Söylediğimiz gibi ilk önce güzellik salonu açtı sonradan ailesi ile mutluluk içinde salonu kapadıp Tiyatro, Şiir, Müzik ve spor alanlarında iyi ve güzel yıllar hizmet göstermiştir ve şimdi İzmir Şairler ve Bestekarlar Derneğinin yönetim kurulunda üye ve Sayman görevini yapmaktadır. Son olarak Canan dokuz yıl basketbol oynamış, ve şimdi de ” İzmir Sporda ” lisanslı basketbolcudur, son olarak söylemeye değer ki Canan Hanım 15 yıldır özel ” TSM ” korolarında çalışmasını sürdürmektedir.
Bu arada Canan Hanımdan hayatıyla ilgili sorduğumuzda böyle yanıt verdi :
“Minik bir şey açıklayacağım .. Hayatımda gizli yönleri ve gerçeği öğrendikten sonra çok araştırdım ilgili kişiyi buldum rol teklifleri aldım.. bu benim özel hayatımdı perdeye yansımasını istemedim. Hayatımı sinema yada dizi yapmak istediler.. benim oynamamıda teklif ettiler, ama ben kabul etmedim. Ve hayatımın acı detayına girmek istemedim . ”
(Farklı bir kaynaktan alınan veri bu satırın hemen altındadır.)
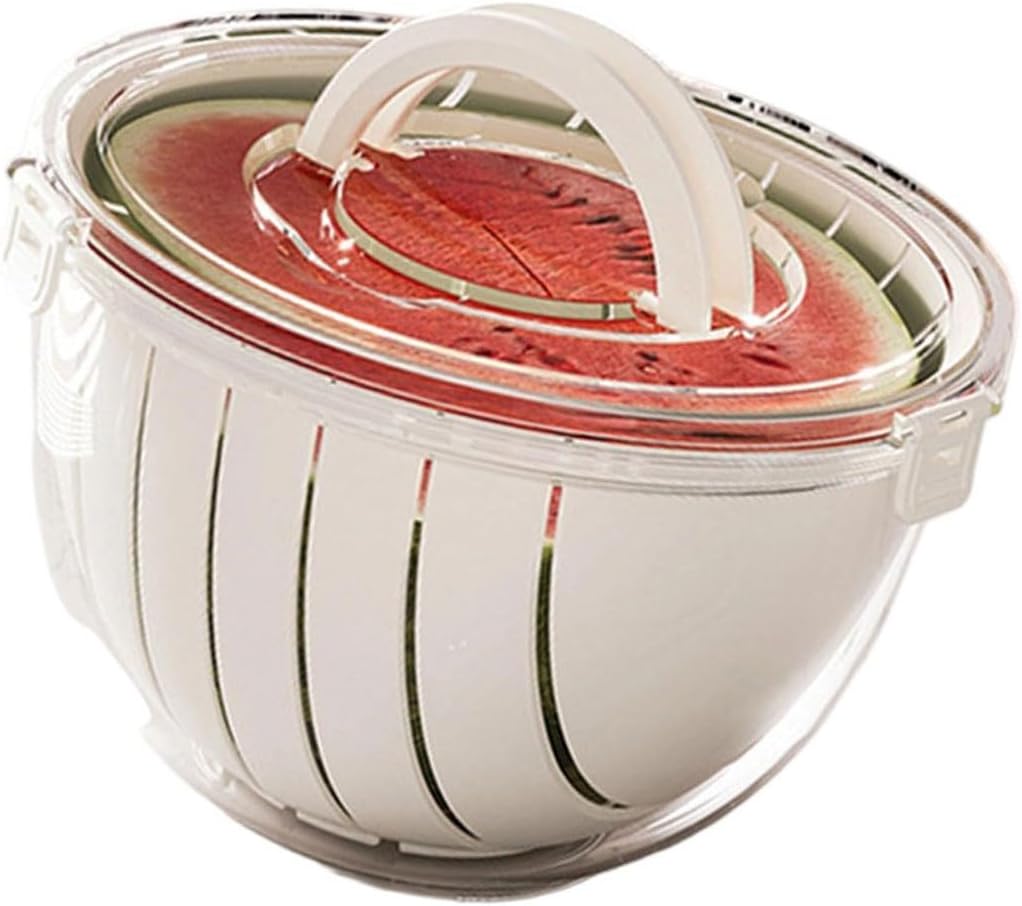 スペース節約スイカチョッピングバスケットピクニック用のマルチ機能ストレーナーポータブルデザインデイリークッキングウォーターメロンカッ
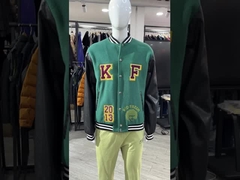 Cadeau personnalisé à la mode de haute qualité Jacket universitaire de chenille Embroidery logo en cuir Manche bouton vers le haut Université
Son Olarak Canan çok güzel şiirler yazmıştır her iki türde hece hemde Serbest, araştırmamızı bir hece vezinli şiiriyle bitirmek istiyorum. Ve Canan Melis Hanıma özel hayatında mutlu ve saadet dolu bir yaşam geçirmesini can ve gönülden diliyorum :

DÖN DERSEM BİR DAHA
Mutlumusun şimdi kaldığın handa
Dön dersem bir daha namerdim sana
Hasretinle tükendim şu cihanda
Dön dersem bir daha namerdim sana..
Anladım ki gülmeyecek bu yüzüm
Biliyorum yare geçmiyor sözüm
Sönmüş yüreğinde aşk geçmiş közüm
Dön dersem bir daha namerdim sana..
Güftesiydin yar aşk şarkılarımın
Bestesiydin ölmez duygularımın
Vazgeçilmeziydin alın yazımın
Dön dersem bir daha namerdim sana
Anladım ki gönlünde kalmamış külüm
Fırlatıp atılmış kurumuş gülüm
Yırtılmış resimlerim solmuş yüzüm
Dön dersem bir daha namerdim sana
İntizarım yok tüm sitemim bana
Nasıl kandım sana inandım aşka
Severken son buldu musalla taşta
Dön dersem bir daha namerdim sana..

Esat ERBİL’İN sevgi ve saygısıyla Canan Melis Hanıma Mutlu Yaşam diliyoruz.